Once you find the line with "Download the package" in the data below, transcribe exactly each line from there to the line with "For matrix B, notice", inclusive, and nothing else. Drop the pictures.

┄┄┄┄┄┄┄┄┄┄

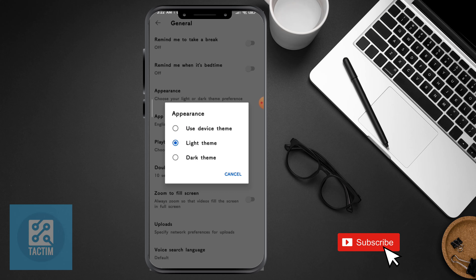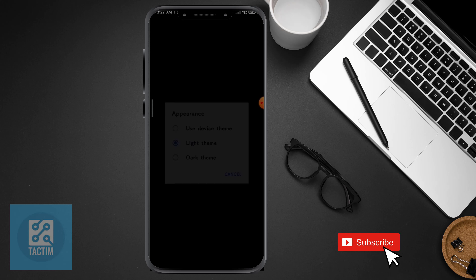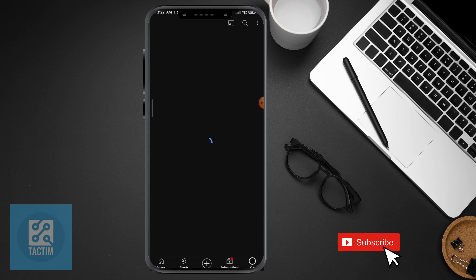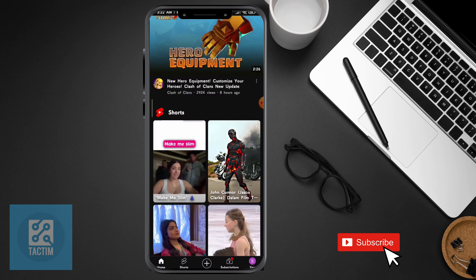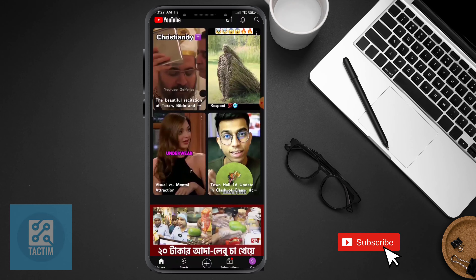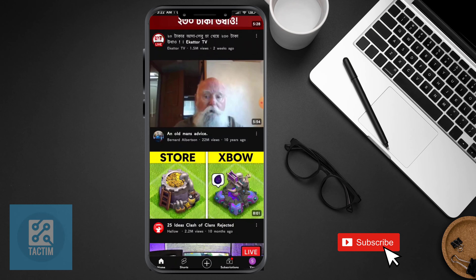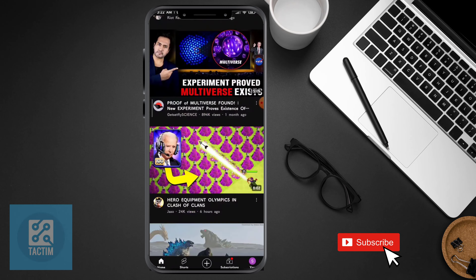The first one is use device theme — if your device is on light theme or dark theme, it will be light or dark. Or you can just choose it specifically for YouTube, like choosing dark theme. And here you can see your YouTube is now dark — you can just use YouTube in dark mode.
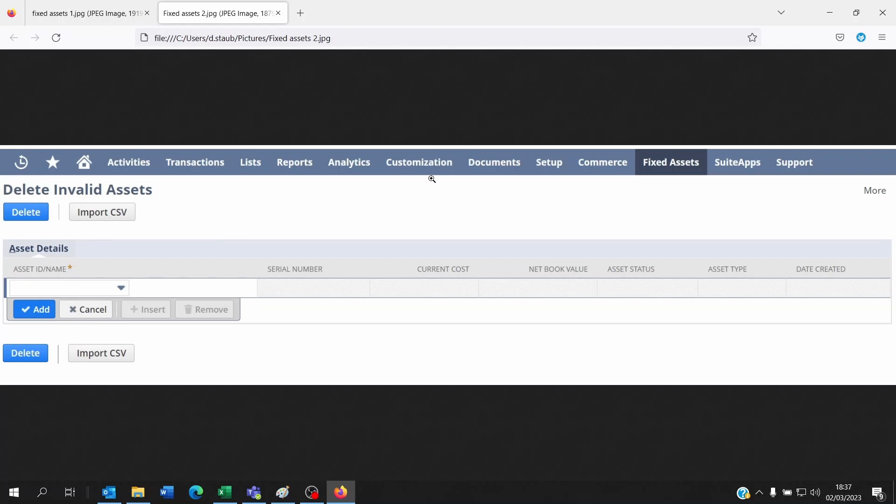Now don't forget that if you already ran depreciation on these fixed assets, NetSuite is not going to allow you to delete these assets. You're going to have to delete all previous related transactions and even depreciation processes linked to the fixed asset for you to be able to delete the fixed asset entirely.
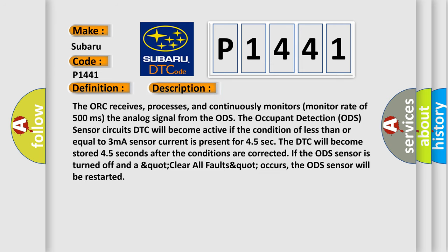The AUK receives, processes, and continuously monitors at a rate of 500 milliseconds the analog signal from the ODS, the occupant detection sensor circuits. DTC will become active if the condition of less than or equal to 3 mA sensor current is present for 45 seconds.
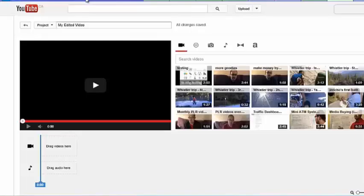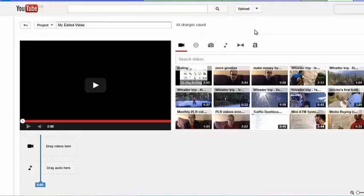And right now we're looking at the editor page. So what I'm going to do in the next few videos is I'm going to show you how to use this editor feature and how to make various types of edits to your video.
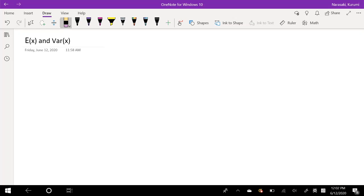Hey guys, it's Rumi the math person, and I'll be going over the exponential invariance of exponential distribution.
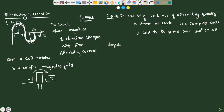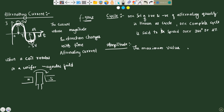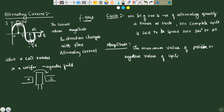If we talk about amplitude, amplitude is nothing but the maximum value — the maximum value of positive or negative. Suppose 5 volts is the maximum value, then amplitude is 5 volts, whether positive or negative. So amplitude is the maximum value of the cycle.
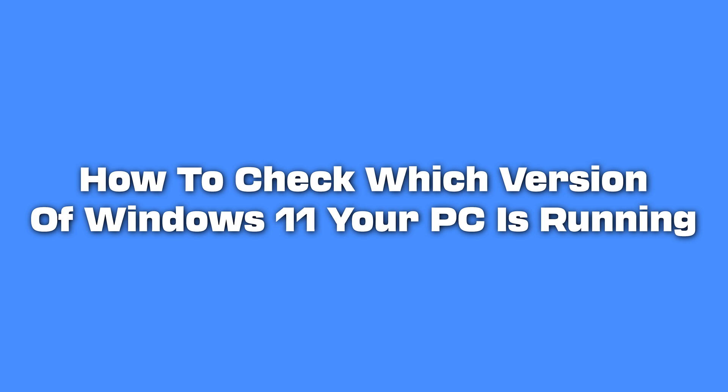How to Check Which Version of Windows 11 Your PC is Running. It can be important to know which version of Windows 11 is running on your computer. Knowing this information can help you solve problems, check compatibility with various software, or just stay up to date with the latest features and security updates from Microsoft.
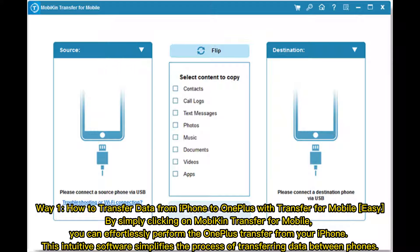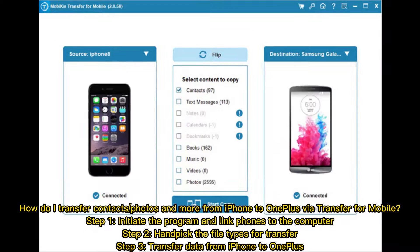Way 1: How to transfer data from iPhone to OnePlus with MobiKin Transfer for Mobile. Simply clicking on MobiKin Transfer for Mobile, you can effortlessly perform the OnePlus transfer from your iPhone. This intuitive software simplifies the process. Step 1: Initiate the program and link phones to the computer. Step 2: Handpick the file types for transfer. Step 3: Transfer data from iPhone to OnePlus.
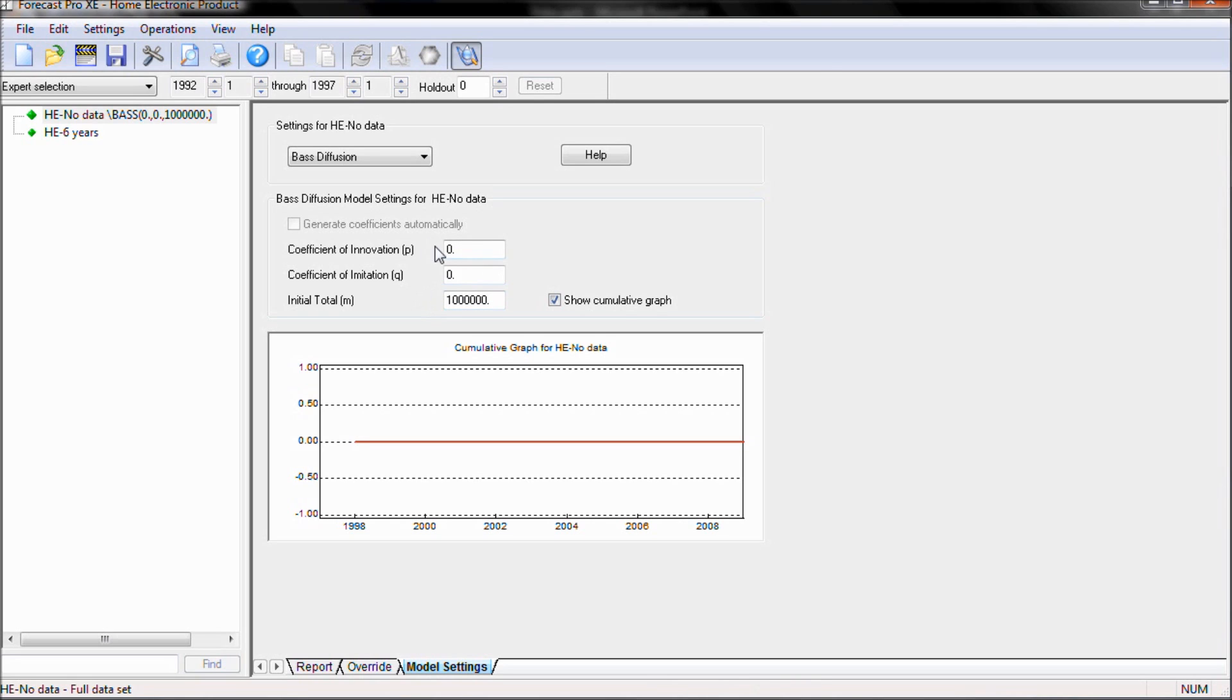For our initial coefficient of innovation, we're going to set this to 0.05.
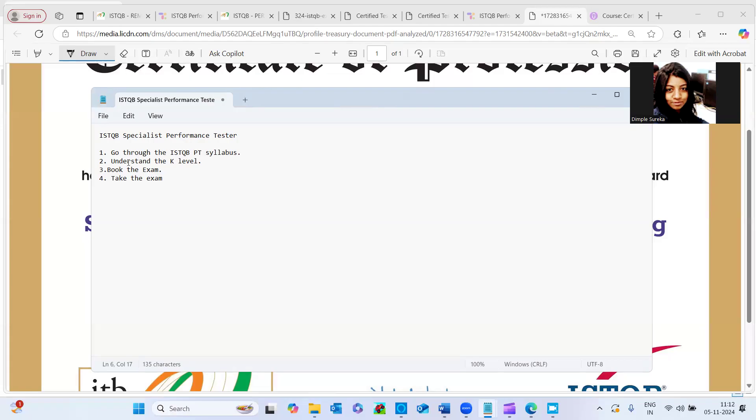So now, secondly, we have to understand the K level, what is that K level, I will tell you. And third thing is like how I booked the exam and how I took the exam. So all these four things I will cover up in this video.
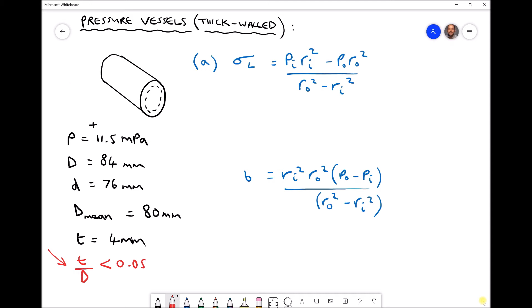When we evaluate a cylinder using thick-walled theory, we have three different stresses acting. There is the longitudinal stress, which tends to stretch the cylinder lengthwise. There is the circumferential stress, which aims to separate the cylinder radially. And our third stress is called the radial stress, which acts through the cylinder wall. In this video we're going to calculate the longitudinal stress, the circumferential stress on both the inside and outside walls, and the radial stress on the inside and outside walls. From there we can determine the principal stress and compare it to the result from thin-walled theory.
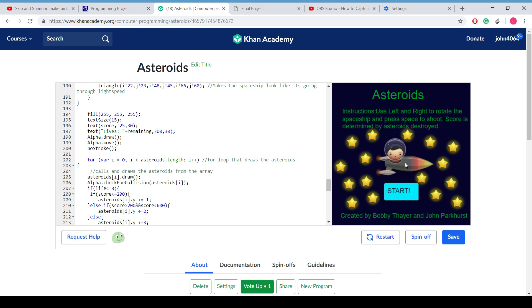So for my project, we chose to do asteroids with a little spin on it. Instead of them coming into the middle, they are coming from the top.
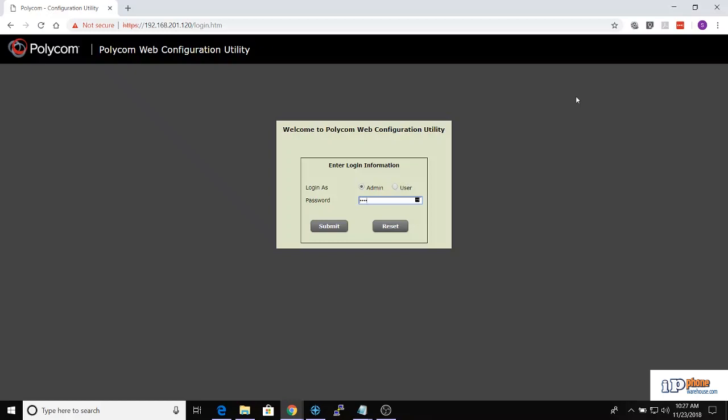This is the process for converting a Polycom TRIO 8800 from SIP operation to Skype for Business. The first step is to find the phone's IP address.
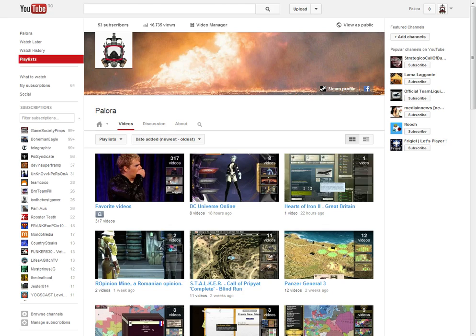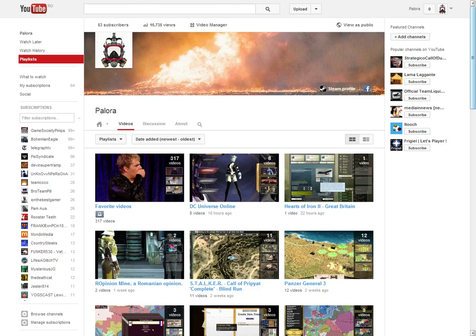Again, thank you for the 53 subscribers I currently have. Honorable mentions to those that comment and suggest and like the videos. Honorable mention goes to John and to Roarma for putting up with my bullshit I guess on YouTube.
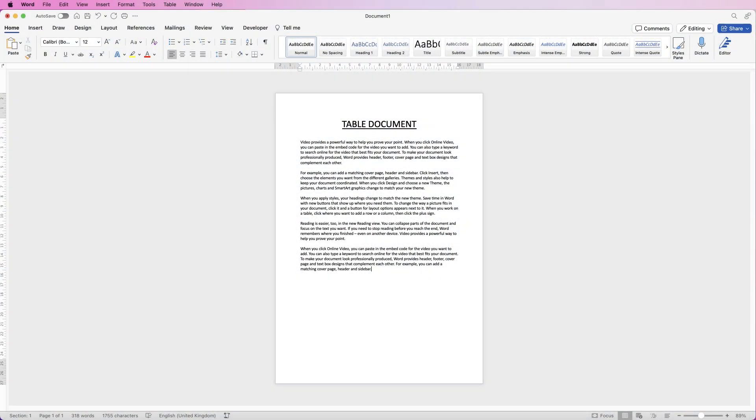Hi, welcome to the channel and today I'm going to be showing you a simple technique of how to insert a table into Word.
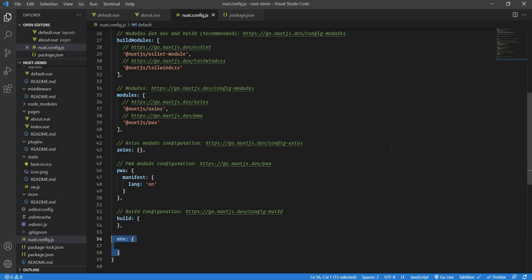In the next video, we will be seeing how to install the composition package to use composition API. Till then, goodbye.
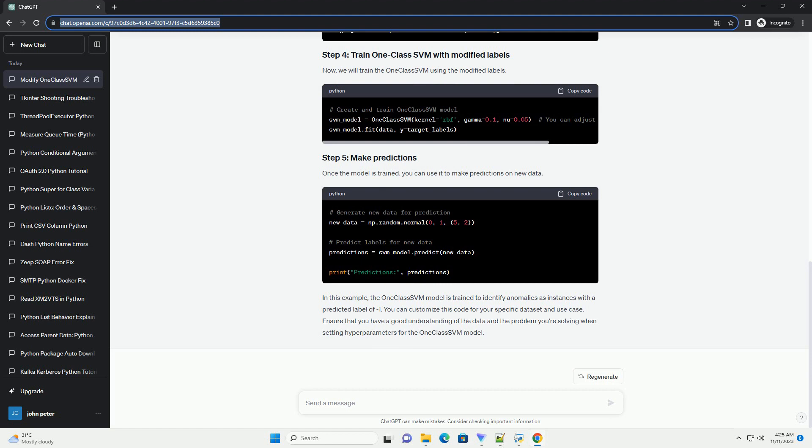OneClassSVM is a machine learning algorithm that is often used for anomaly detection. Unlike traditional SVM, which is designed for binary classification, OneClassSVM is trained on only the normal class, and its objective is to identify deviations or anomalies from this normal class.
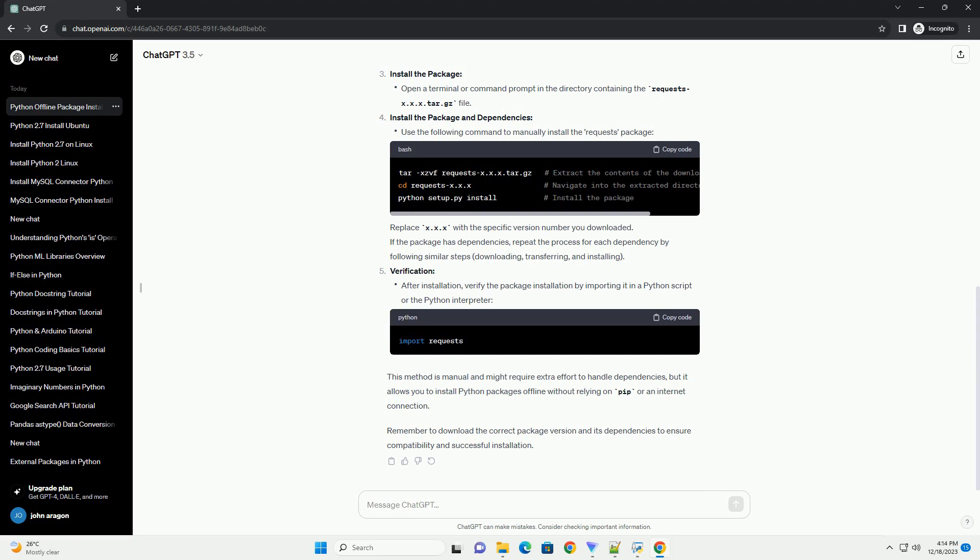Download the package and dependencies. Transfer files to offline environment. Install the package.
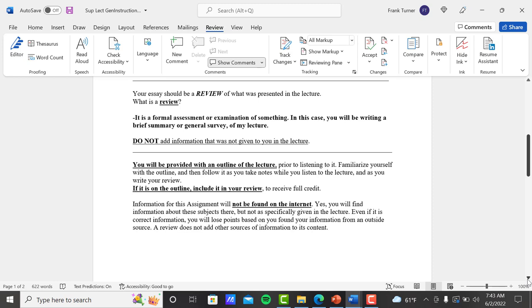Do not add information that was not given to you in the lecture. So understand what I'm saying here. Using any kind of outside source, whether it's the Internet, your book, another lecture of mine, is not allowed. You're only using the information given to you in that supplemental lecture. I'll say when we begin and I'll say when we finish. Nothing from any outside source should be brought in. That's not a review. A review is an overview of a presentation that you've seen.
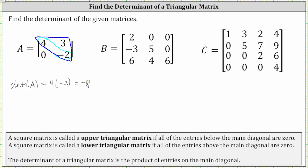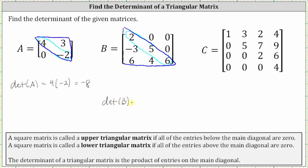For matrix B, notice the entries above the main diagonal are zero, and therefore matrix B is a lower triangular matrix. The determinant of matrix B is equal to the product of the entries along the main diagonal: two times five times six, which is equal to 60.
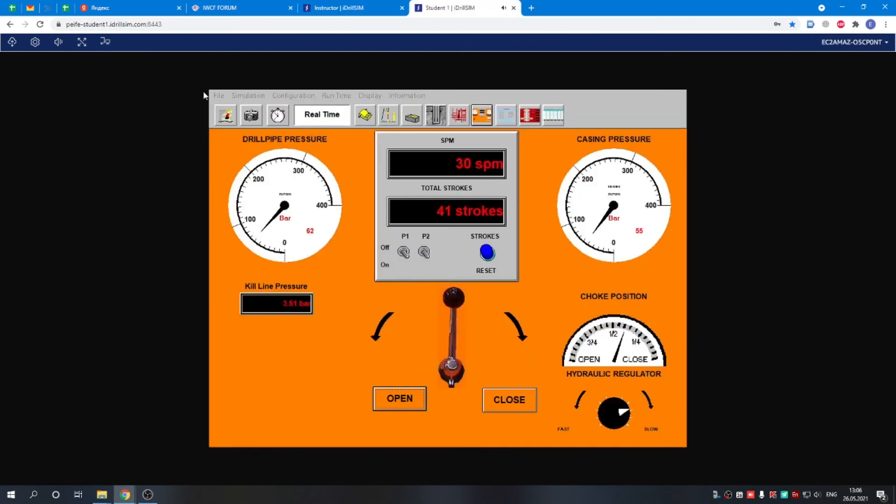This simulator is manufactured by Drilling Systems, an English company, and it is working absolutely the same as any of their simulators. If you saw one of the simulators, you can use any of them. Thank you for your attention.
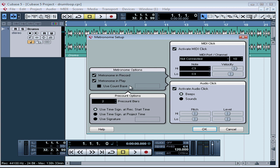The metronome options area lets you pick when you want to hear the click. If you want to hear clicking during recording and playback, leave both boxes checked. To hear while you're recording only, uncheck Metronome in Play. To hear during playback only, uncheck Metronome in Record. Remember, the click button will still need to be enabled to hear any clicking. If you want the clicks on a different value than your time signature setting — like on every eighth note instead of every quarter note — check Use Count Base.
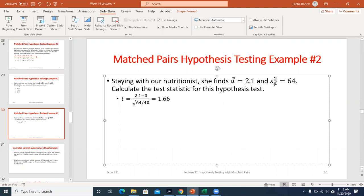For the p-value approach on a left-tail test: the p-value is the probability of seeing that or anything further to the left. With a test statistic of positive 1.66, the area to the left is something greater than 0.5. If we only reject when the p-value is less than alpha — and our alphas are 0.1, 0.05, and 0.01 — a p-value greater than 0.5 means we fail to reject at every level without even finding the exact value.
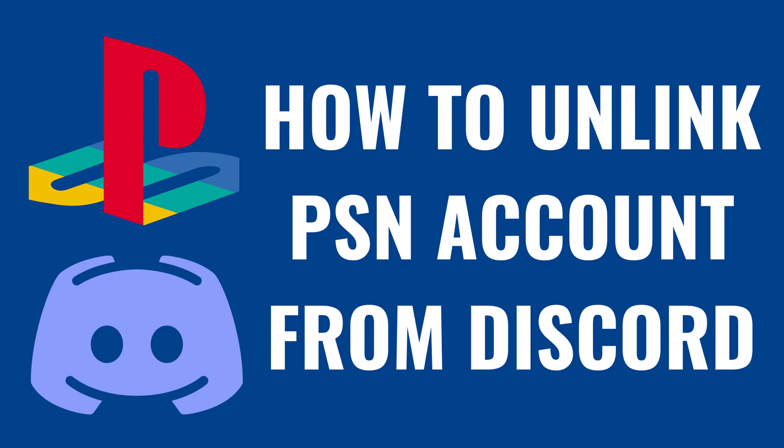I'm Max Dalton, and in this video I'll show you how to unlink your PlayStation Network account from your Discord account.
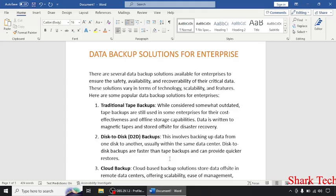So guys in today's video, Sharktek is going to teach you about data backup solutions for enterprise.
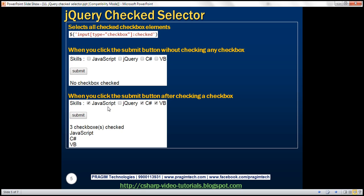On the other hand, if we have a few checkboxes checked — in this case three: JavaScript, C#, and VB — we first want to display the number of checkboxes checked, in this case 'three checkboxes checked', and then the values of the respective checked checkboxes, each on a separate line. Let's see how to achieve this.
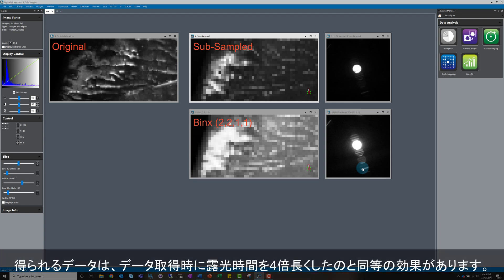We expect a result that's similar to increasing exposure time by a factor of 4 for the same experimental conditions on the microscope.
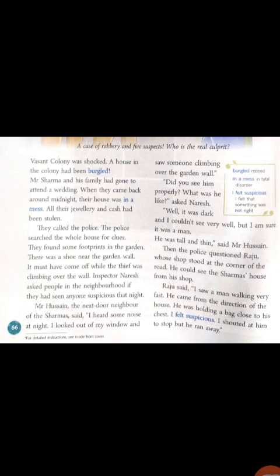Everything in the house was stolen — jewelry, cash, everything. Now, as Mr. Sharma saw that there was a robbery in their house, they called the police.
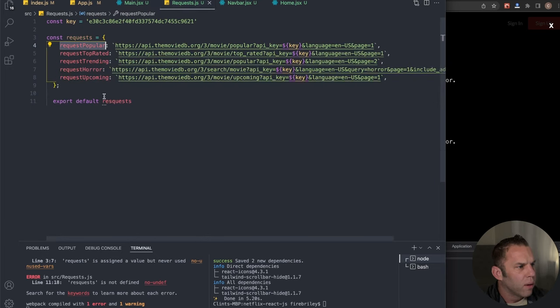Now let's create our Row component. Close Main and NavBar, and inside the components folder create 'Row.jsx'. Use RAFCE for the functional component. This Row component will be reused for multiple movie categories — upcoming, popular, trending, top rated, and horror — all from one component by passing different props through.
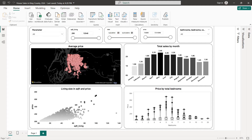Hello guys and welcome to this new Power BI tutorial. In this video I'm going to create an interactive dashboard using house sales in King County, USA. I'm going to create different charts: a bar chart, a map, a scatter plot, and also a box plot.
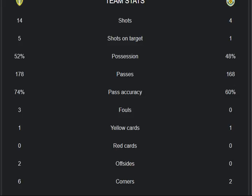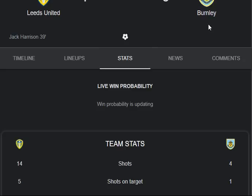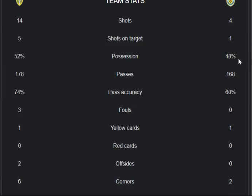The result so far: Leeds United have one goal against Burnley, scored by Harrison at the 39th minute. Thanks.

┄┄┄┄┄┄┄┄┄┄

EXERCISE RESULT:
Download the package and dependencies. Transfer files to offline environment. Install the package.
Do not add information that was not given to you in the lecture. So understand what I'm saying here. Using any kind of outside source, whether it's the Internet, your book, another lecture of mine, is not allowed. You're only using the information given to you in that supplemental lecture. I'll say when we begin and I'll say when we finish. Nothing from any outside source should be brought in. That's not a review. A review is an overview of a presentation that you've seen.
For matrix B, notice the entries above the main diagonal are zero, and therefore matrix B is a lower triangular matrix. The determinant of matrix B is equal to the product of the entries along the main diagonal: two times five times six, which is equal to 60.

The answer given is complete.